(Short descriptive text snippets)
_____

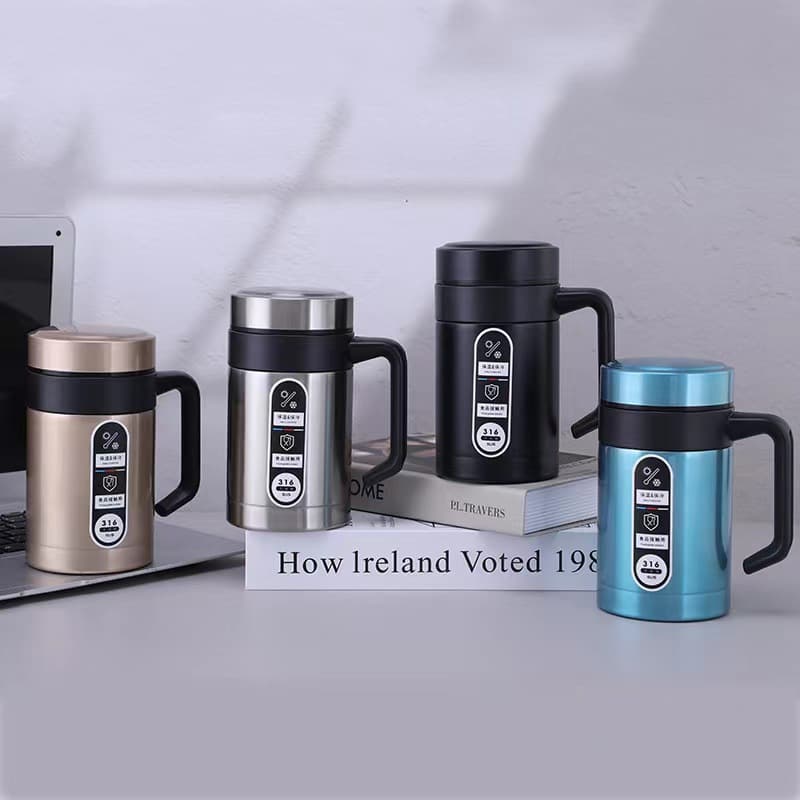 Office thermos cups for men, business use, with handles and engravings, tea cups, wholesale gifts.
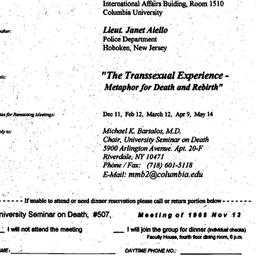 Announcements, 1996-11-13. ...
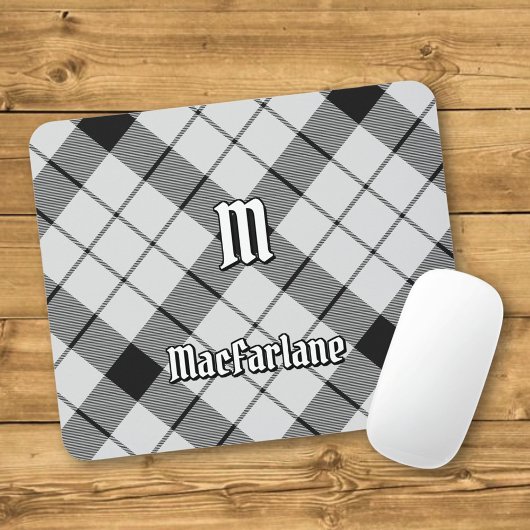 Clan MacFarlane Black and White Tartan Mousepad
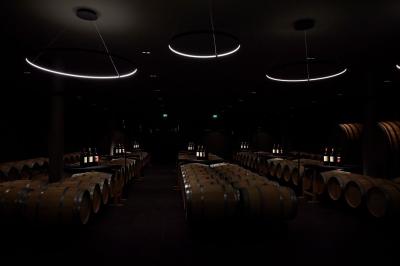 Vue aérienne d'une terrasse animée entourée de vignes au coucher du soleil, avec des invités profitant du cadre.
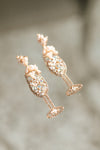 Rhinestone Champagne & Pearls Earrings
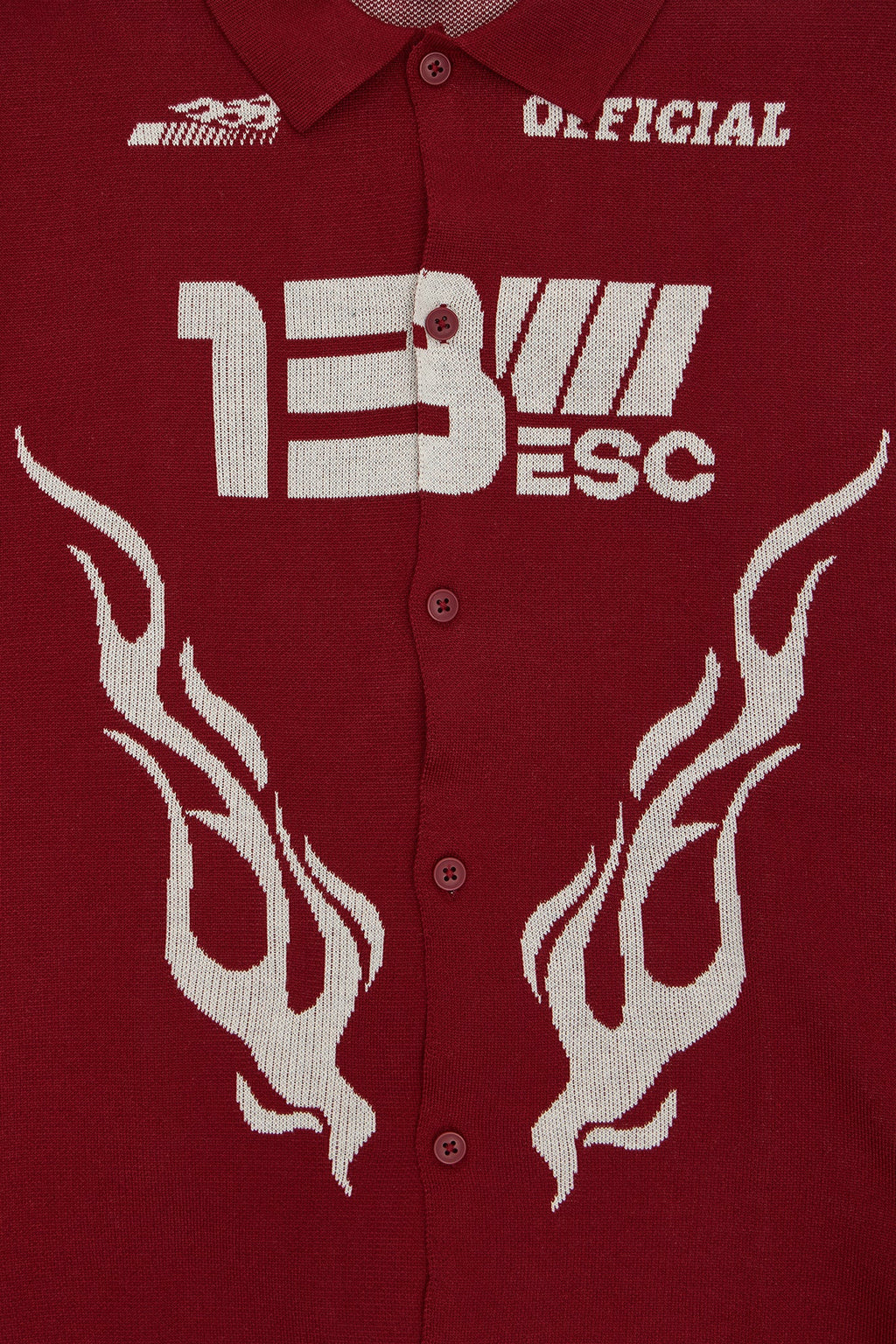 Regular Fit 13 Button Up Sweater Shirt - Red/White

_____

◆ WORK ITEM: Leave the pictures out. Extract exactly the lines running from the one with "Announcements, 1996-11-13. ..." through the last entry, both ends included.

◆ EXERCISE RESPONSE:
 Announcements, 1996-11-13. ...
 Clan MacFarlane Black and White Tartan Mousepad
 Vue aérienne d'une terrasse animée entourée de vignes au coucher du soleil, avec des invités profitant du cadre.
 Rhinestone Champagne & Pearls Earrings
 Regular Fit 13 Button Up Sweater Shirt - Red/White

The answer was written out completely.